The testing procedure’s main steps are:
  1. (a)

    at the beginning of the interaction, each user of a group provides new rates for a list of 15 movies (training phase) and provides personal information (gender, age);

     
  2. (b)

    the recommendation system generates three recommendations selecting movies, if possible, that were rated with 3 or more stars by two group members and with 2 or less star by the remaining one (the weakest component, i.e. the one the robot will fixate longer/more times according to the selected gaze model); the movies will be recommended to the groups through the three different gaze behaviors;

     
  3. (c)
    for each of the three recommended movie, the group completed the following tasks:
    1. (c.1)

      provide an acceptance/reject response (for each individual and for the whole group) for the proposed movies (please note that when a group decision has to be made, the group has to reach a consensus on the answer);

       
    2. (c.2)

      complete a short satisfaction questionnaire after each interaction with the different conditions.

       
     
  4. (d)

    finally, each user was requested to express a preference regarding a single interaction mode among the three proposed behaviors.

     

The proposed questionnaire is organized into three specific sections: an initial section containing personal and topic related information (Q1. How familiarized are you with robotic applications? (1 to 5), Q2. How familiarized are you with the movie domain? (1 to 5)); a second section is repeated after each experimental condition (Q3. Did you accept the recommended movie? (Personal acceptance), Q4. Did the group accept the recommended movie? (Group acceptance), Q5. How persuasive was the robot? (1 to 5), Q6. The robot motions were natural (5) or unnatural (1)); a final section is at the end of the test session (Q7. Which mode of interaction did you prefer? {A, B, C}).

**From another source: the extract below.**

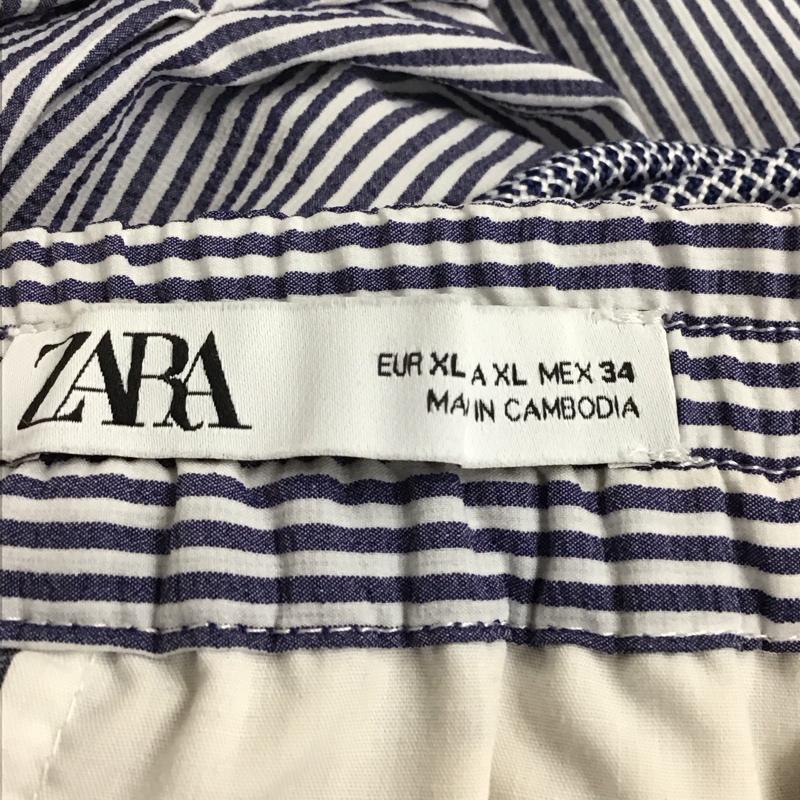 ザラ ZARA パンツ ワークパンツ、ペインターパンツ ワークパンツ ワイドパンツ カジュアルパンツ XL ストライプ 白 / ホワイト / X 水色 / ライトブルー / メンズ USED 古着 中古 10130744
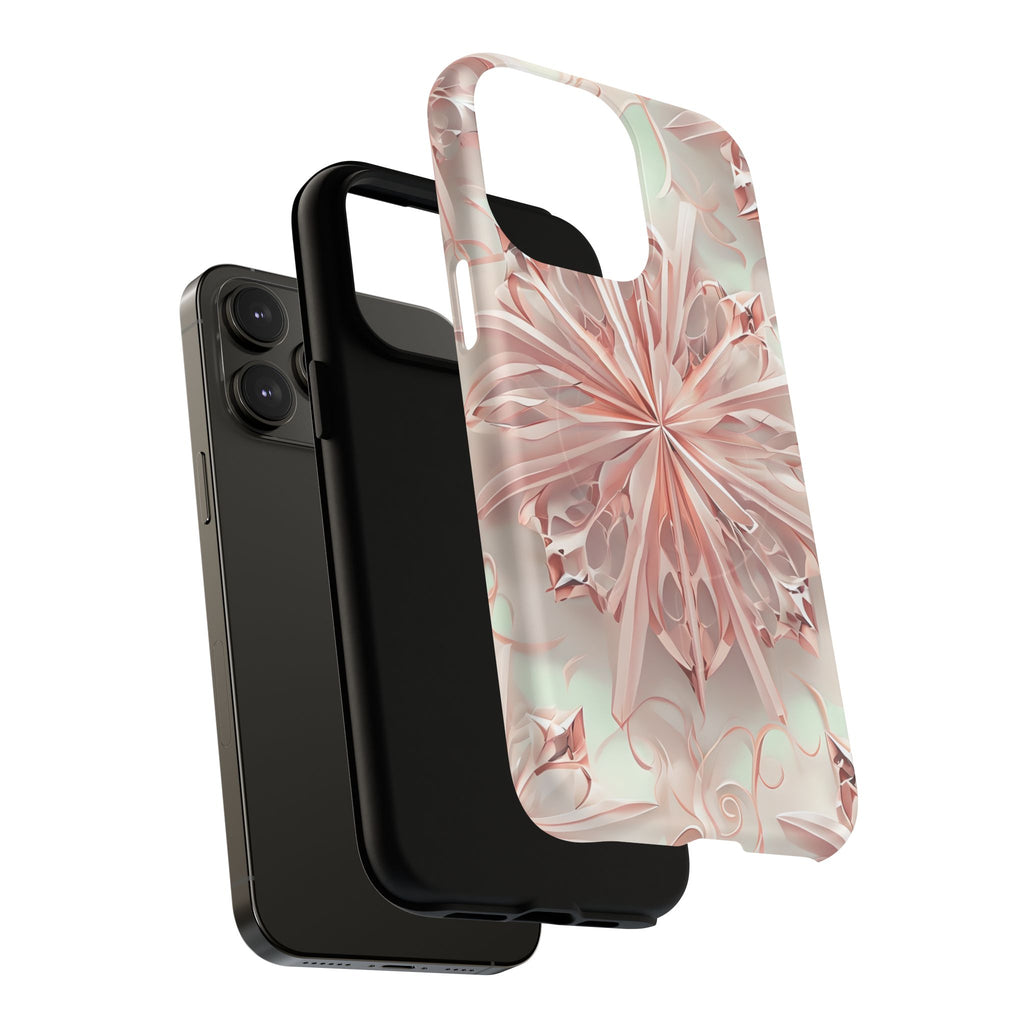 Blush Frost iPhone 14 Pro Max - Kaleidoscope Collection of MagSafe Compatible - Soft Pink Geometric Floral Design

The three members of the group were seated at a table around Nao, respectively in front of Nao, at its left and at its right (see Fig. 1). Participants were free to select their position while an operator provides to the Nao control program their id with the chosen positions.

4.1 Result Analysis

Since we are dealing with groups, we start analyzing the group acceptance rate of the proposed movies. Naturally, one of the factor with the biggest impact on the group acceptance is the personal acceptance (one-way ANOVA with \(F(1,90)=53.083\) and \(p<0.001\), and Sperman \(\rho =0.613\) with \(p<0.001\)). If the individual members of the group like the recommendation, the group decision is straightforward. By considering alone the effect of the gaze behavior on the group acceptance, we did not find a statistically significant difference in the acceptance rate (one-way ANOVA with \(F(2,90)=0.547\) and \(p=0.581\)). However, since, in our opinion, both the gaze behavior and the personal acceptance of a recommended movie may have a significant impact on the group acceptance, we evaluated both effects with a two-way ANOVA that is summarized in Table 1. Results show that both the considered factors have a significant main effect on the group acceptance, but there is no interaction effect between the two or the interaction is additive. The absence of the interaction effect is also shown in Fig. 2(left), where we plotted the results obtaining by considering both the personal acceptance and the different gaze behaviors with respect to the group acceptance rate.
Table 1.

Table of ANOVA2 Analysis

Source

Sum Sq.

d.f.

Mean Sq.

F

Prob \(>F\)

Gaze behavior

0.679

2

0.339

3.1

0.05

Personal accept.

6.434

1

6.434

58.766

0.000

Interaction

0.465

2

0.233

2.124

0.126

Error

9.197

84

0.109

Total

69

90

Fig. 2.

Estimated marginal means for group acceptance rates of movies recommended varying the robot gaze behaviors (left) and the personal acceptance (right)

As shown in Fig. 2(right), there is a significant difference of the estimated marginal means of the group acceptance rate of movies recommended by using the three different gaze behaviors. In detail, for the cases of a standard gaze behavior, half of the proposed movies (\(52\%\)) could be accepted by the groups. In the case of long gazes towards the user with the lowest evaluation of the movie, we obtained that in \(67\%\) of the recommendations the group could accept the recommendation. Finally, the best results (\(75\%\)) are obtained in the case of frequent gazes towards the user with the lowest evaluation of the movie. These results confirm the general user preference of more frequent gazes with respect to longer ones. Moreover, as shown in Fig. 2, while the behavior of the groups with personal acceptance equals to 1 (i.e., true) is stable with respect to the gaze behaviors, in the case of a personal acceptance equals to zero the impact of the different gaze behaviors is stronger.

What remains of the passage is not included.